**WHAT THE TASK REQUIRES**:
Given the records below, would you repeat exactly the lines that begin at the one containing "Champion Women White" and end at the one containing "Gold Filled Two", inclusive?

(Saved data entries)
============================================================
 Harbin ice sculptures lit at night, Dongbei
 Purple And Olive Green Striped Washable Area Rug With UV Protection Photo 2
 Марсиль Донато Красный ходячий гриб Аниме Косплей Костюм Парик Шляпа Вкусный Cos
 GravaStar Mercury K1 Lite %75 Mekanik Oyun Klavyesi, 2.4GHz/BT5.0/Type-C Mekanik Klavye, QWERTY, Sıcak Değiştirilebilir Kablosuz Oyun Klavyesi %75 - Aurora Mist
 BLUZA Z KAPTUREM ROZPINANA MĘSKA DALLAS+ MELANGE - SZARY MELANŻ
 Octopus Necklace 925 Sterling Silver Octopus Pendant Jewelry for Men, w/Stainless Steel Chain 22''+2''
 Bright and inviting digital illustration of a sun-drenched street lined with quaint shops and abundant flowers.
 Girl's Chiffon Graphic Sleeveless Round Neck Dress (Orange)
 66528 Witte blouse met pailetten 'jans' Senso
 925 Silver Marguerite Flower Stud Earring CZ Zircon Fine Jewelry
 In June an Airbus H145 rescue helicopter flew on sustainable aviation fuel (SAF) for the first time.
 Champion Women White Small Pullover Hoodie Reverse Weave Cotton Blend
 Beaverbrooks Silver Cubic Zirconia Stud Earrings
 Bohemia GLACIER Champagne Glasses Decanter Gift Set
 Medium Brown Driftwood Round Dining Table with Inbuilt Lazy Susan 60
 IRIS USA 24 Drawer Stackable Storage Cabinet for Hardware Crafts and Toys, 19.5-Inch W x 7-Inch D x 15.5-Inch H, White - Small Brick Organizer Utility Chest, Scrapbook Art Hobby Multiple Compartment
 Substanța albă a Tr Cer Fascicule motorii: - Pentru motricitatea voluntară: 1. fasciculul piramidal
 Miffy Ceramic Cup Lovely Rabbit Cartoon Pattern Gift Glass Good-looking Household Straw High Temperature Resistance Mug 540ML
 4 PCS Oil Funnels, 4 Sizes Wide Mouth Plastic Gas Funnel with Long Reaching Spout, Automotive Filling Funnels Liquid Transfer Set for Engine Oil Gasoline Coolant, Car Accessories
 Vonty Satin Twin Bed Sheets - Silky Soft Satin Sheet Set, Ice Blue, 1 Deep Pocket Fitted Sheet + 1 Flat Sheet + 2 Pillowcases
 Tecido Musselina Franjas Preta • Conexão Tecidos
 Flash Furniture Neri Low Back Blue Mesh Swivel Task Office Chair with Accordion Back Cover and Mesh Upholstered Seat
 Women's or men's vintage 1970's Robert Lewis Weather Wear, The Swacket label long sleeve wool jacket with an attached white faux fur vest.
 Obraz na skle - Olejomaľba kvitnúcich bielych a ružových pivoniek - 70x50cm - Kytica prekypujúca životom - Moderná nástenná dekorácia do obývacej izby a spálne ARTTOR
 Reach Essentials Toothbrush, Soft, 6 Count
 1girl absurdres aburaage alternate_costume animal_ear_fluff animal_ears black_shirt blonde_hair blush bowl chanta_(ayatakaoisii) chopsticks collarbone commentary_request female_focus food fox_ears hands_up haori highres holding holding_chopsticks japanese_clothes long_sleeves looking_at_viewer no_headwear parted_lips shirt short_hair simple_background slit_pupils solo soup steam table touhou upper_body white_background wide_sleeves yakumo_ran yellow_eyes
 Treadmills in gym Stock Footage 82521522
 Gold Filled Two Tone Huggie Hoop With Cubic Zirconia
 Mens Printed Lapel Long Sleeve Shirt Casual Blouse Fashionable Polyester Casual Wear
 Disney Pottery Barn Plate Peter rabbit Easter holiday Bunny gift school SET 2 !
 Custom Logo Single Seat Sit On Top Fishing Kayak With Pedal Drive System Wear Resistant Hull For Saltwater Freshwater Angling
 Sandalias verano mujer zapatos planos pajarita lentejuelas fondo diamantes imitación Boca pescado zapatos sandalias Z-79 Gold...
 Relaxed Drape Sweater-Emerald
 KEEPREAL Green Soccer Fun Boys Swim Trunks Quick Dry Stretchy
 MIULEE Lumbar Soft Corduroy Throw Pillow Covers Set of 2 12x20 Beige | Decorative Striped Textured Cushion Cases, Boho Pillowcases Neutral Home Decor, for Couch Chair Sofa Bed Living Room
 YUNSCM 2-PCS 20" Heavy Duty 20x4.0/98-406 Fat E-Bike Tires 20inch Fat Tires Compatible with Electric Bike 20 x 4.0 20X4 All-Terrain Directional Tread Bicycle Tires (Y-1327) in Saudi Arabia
============================================================
**ANSWER SPACE**:
 Champion Women White Small Pullover Hoodie Reverse Weave Cotton Blend
 Beaverbrooks Silver Cubic Zirconia Stud Earrings
 Bohemia GLACIER Champagne Glasses Decanter Gift Set
 Medium Brown Driftwood Round Dining Table with Inbuilt Lazy Susan 60
 IRIS USA 24 Drawer Stackable Storage Cabinet for Hardware Crafts and Toys, 19.5-Inch W x 7-Inch D x 15.5-Inch H, White - Small Brick Organizer Utility Chest, Scrapbook Art Hobby Multiple Compartment
 Substanța albă a Tr Cer Fascicule motorii: - Pentru motricitatea voluntară: 1. fasciculul piramidal
 Miffy Ceramic Cup Lovely Rabbit Cartoon Pattern Gift Glass Good-looking Household Straw High Temperature Resistance Mug 540ML
 4 PCS Oil Funnels, 4 Sizes Wide Mouth Plastic Gas Funnel with Long Reaching Spout, Automotive Filling Funnels Liquid Transfer Set for Engine Oil Gasoline Coolant, Car Accessories
 Vonty Satin Twin Bed Sheets - Silky Soft Satin Sheet Set, Ice Blue, 1 Deep Pocket Fitted Sheet + 1 Flat Sheet + 2 Pillowcases
 Tecido Musselina Franjas Preta • Conexão Tecidos
 Flash Furniture Neri Low Back Blue Mesh Swivel Task Office Chair with Accordion Back Cover and Mesh Upholstered Seat
 Women's or men's vintage 1970's Robert Lewis Weather Wear, The Swacket label long sleeve wool jacket with an attached white faux fur vest.
 Obraz na skle - Olejomaľba kvitnúcich bielych a ružových pivoniek - 70x50cm - Kytica prekypujúca životom - Moderná nástenná dekorácia do obývacej izby a spálne ARTTOR
 Reach Essentials Toothbrush, Soft, 6 Count
 1girl absurdres aburaage alternate_costume animal_ear_fluff animal_ears black_shirt blonde_hair blush bowl chanta_(ayatakaoisii) chopsticks collarbone commentary_request female_focus food fox_ears hands_up haori highres holding holding_chopsticks japanese_clothes long_sleeves looking_at_viewer no_headwear parted_lips shirt short_hair simple_background slit_pupils solo soup steam table touhou upper_body white_background wide_sleeves yakumo_ran yellow_eyes
 Treadmills in gym Stock Footage 82521522
 Gold Filled Two Tone Huggie Hoop With Cubic Zirconia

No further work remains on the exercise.